# Assigned task:
For this exercise, return only the lines in the records below from the one holding "2 Bedroom Terraced" through the one holding "Cómoda de madera con cajones", including both, exactly as they appear and without pictures.

# Records for this task:
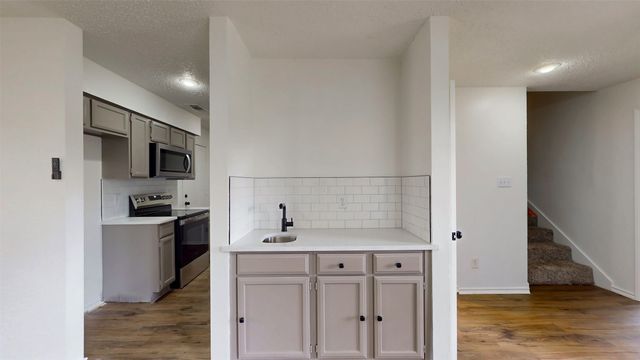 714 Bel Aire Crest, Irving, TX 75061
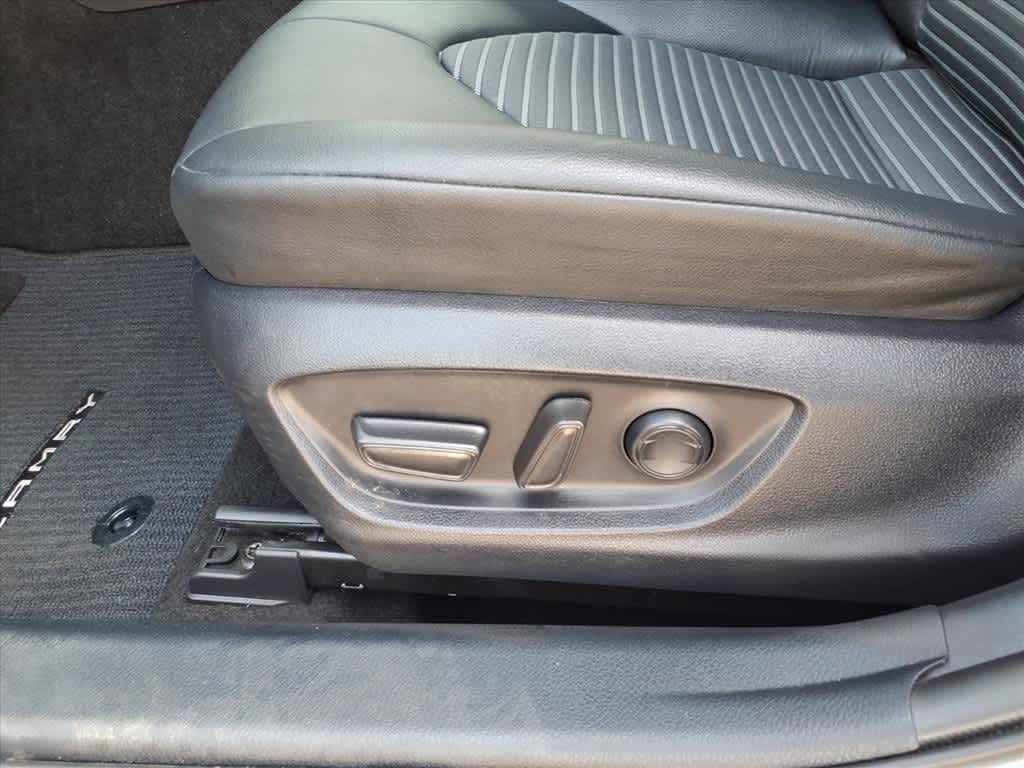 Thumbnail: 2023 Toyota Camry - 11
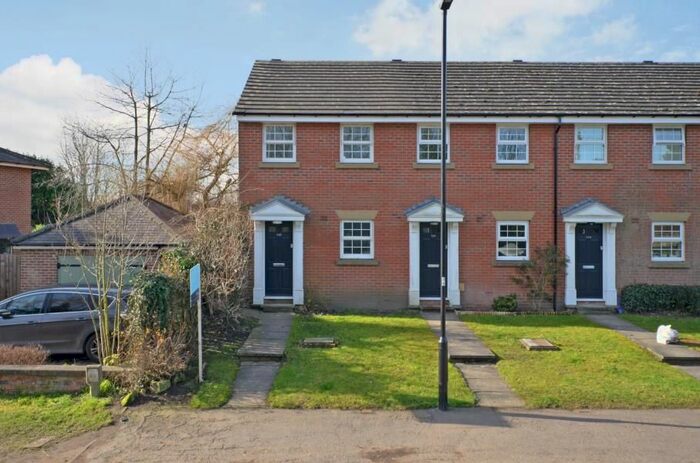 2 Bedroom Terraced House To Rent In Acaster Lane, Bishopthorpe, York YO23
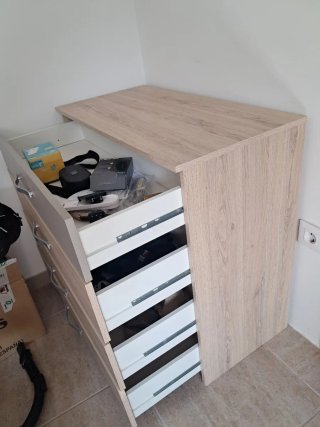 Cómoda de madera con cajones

==

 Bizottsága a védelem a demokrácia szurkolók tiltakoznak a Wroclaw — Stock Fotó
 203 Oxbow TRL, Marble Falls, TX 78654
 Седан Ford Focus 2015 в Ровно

# Exercise solution:
 2 Bedroom Terraced House To Rent In Acaster Lane, Bishopthorpe, York YO23
 Cómoda de madera con cajones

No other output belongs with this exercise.